TASK → Set each line of the records down again exactly, please.

• • • • •

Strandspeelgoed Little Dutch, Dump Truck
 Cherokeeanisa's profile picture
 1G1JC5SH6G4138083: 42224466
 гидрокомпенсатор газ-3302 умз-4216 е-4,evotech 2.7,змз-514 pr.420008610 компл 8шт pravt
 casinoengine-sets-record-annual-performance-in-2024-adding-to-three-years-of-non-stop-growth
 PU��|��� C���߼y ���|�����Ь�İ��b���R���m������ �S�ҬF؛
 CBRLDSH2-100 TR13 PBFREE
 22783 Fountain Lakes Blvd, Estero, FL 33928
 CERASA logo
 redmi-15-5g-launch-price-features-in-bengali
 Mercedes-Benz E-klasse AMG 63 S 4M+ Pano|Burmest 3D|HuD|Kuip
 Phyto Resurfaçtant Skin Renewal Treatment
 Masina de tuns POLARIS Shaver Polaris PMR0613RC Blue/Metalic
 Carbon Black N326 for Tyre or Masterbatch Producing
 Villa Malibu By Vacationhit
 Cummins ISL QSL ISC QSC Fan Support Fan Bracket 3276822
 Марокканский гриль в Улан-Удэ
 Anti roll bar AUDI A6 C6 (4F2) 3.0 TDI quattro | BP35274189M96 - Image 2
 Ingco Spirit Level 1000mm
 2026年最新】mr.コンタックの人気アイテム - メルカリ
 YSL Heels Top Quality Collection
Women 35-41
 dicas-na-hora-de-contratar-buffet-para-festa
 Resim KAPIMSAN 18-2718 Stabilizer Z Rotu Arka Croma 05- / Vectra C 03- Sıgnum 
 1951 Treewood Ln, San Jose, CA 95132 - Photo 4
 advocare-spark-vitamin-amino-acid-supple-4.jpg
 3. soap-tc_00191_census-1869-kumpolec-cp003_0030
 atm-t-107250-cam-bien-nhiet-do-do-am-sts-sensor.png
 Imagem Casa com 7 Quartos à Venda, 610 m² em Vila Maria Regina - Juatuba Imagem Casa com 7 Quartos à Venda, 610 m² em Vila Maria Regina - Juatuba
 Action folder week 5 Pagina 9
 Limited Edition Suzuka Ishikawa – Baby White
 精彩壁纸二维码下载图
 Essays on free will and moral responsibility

• • • • •

ANSWER TO THIS PROBLEM →
Strandspeelgoed Little Dutch, Dump Truck
 Cherokeeanisa's profile picture
 1G1JC5SH6G4138083: 42224466
 гидрокомпенсатор газ-3302 умз-4216 е-4,evotech 2.7,змз-514 pr.420008610 компл 8шт pravt
 casinoengine-sets-record-annual-performance-in-2024-adding-to-three-years-of-non-stop-growth
 PU��|��� C���߼y ���|�����Ь�İ��b���R���m������ �S�ҬF؛
 CBRLDSH2-100 TR13 PBFREE
 22783 Fountain Lakes Blvd, Estero, FL 33928
 CERASA logo
 redmi-15-5g-launch-price-features-in-bengali
 Mercedes-Benz E-klasse AMG 63 S 4M+ Pano|Burmest 3D|HuD|Kuip
 Phyto Resurfaçtant Skin Renewal Treatment
 Masina de tuns POLARIS Shaver Polaris PMR0613RC Blue/Metalic
 Carbon Black N326 for Tyre or Masterbatch Producing
 Villa Malibu By Vacationhit
 Cummins ISL QSL ISC QSC Fan Support Fan Bracket 3276822
 Марокканский гриль в Улан-Удэ
 Anti roll bar AUDI A6 C6 (4F2) 3.0 TDI quattro | BP35274189M96 - Image 2
 Ingco Spirit Level 1000mm
 2026年最新】mr.コンタックの人気アイテム - メルカリ
 YSL Heels Top Quality Collection
Women 35-41
 dicas-na-hora-de-contratar-buffet-para-festa
 Resim KAPIMSAN 18-2718 Stabilizer Z Rotu Arka Croma 05- / Vectra C 03- Sıgnum 
 1951 Treewood Ln, San Jose, CA 95132 - Photo 4
 advocare-spark-vitamin-amino-acid-supple-4.jpg
 3. soap-tc_00191_census-1869-kumpolec-cp003_0030
 atm-t-107250-cam-bien-nhiet-do-do-am-sts-sensor.png
 Imagem Casa com 7 Quartos à Venda, 610 m² em Vila Maria Regina - Juatuba Imagem Casa com 7 Quartos à Venda, 610 m² em Vila Maria Regina - Juatuba
 Action folder week 5 Pagina 9
 Limited Edition Suzuka Ishikawa – Baby White
 精彩壁纸二维码下载图
 Essays on free will and moral responsibility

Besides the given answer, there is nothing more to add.